How can we simplify the limit of the angle at a vertex of a traingle as the triangle gets arbitrarily small? (the limit involves the law of cosines)

Question

Let $f$ be a mapping $\mathbb{R} \implies \mathbb{R}$

Let $\forall x, r \in \mathbb{R}$ let $T(x, r)$ be the triangle whose three vertices are the following points:

1. $(x-r, f(x-r))$
2. $(x+0, f(x+0))$
3. $(x+r, f(x+r))$

Let $\theta(x, r)$ be the the interior angle at point $(x, f(x))$ on triangle $T(x, r)$.

Let $\Theta(x)$ be the limit of $\theta(x, r)$ as $r$ approaches $0$.

Question: How can we simplify the following formula?

$\begin{align} \Theta(x) &= \lim \limits_{r \to 0} \theta(x, r) \\ &= \lim \limits_{r \to 0} \cos^{-1}\begin{pmatrix} \dfrac{-(r^{2}) + a^{2}(x,r) + b^{2}(x, r)}{2*a(x,r)*b(x,r)} \end{pmatrix} \\ \end{align}$

where

$\qquad \qquad a(x, r) = \sqrt{r^{2}+ \begin{pmatrix}f(x)-f(x-r)\end{pmatrix}^{2}} $
$\qquad \qquad b(x, r) = \sqrt{r^{2}+ \begin{pmatrix}f(x)-f(x+r)\end{pmatrix}^{2}}$

The law of cosines was used here.

A Remark

If $f$ is differentiable then $\forall x \in \mathbb{R}, Θ(x) = 180º$

However, I am interested in calculating the angle when $f$ represents a polygonal-chain

Answer 1

Define $A = \frac{f(x) - f(x - r)}{r}$ and $B = \frac{f(x + r) - f(x)}{r}$. If $f$ is differentiable, then $A$ and $B$ both converge to $f'(x)$ as $r \rightarrow 0$. But this generalization allows for piecewise functions that "turn the corner" at $(x, f(x))$. Anyhow, if we make the substitutions

$$f(x - r) = f(x) - rA$$ $$f(x + r) = f(x) + rB$$

in your definitions of functions $a$ and $b$, then these functions simplify to:

$$a(x, r) = r \sqrt{1 + A^2}$$ $$b(x, r) = r \sqrt{1 + B^2}$$

Plug these into your formula for $\cos(\theta)$.

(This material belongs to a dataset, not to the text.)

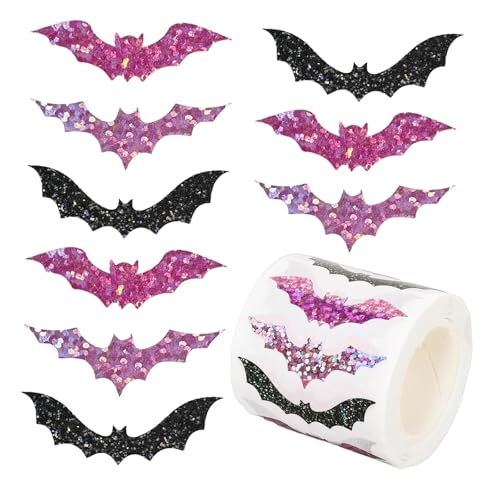 Perfeclan 500 Stück Halloween-Fledermaus-Aufkleber, Umschlag-Siegelaufkleber, selbstklebend, dekorative, glitzernde Etiketten, Fledermaus-Aufkleber für die, Style B von Perfeclan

$$\cos(\theta(x, r)) = \dfrac{-r^{2} + a^{2}(x,r) + b^{2}(x, r)}{2 a(x,r) b(x,r)}$$ $$= \dfrac{-r^{2} + r^2(1 + A^2) + r^2(1 + B^2)}{2 r \sqrt{1 + A^2} r \sqrt{1 + B^2}}$$ $$= \dfrac{r^2 + r^2A^2 + r^2B^2}{2 r^2 \sqrt{(1 + A^2)(1 + B^2)}}$$ $$= \dfrac{1 + A^2 + B^2}{2\sqrt{(1 + A^2)(1 + B^2)}}$$

If $f$ is differentiable at $x$, then $A = B = f'(x)$, and the above expression simplifies to $1 - \frac{1}{2(1+f'(x)^2)}$. Otherwise,

$$\Theta(x) = \cos^{-1}\left(\dfrac{1 + f'_-(x)^2 + f'_+(x)^2}{2\sqrt{(1 + f'_-(x)^2)(1 + f'_+(x)^2)}}\right)$$

Where $f'_-(x)$ and $f'_+(x)$ denote left and right derivatives.

Answer 2

The angle a line makes with the horizontal in the inverse tangent of the slope. The exterior angle between two line segments is the absolute difference of the angles the line segments make with the horizontal. The interior angle is $\pi$ minus the exterior angle. So,

$\pi - \left|\arctan f'_+(x)-\arctan f'_-(x) \right|$

Taking limits is a bit weird when you're dealing with line segments, though. You can just look at the slopes, or take rise over run over an interval that doesn't include any other vertices.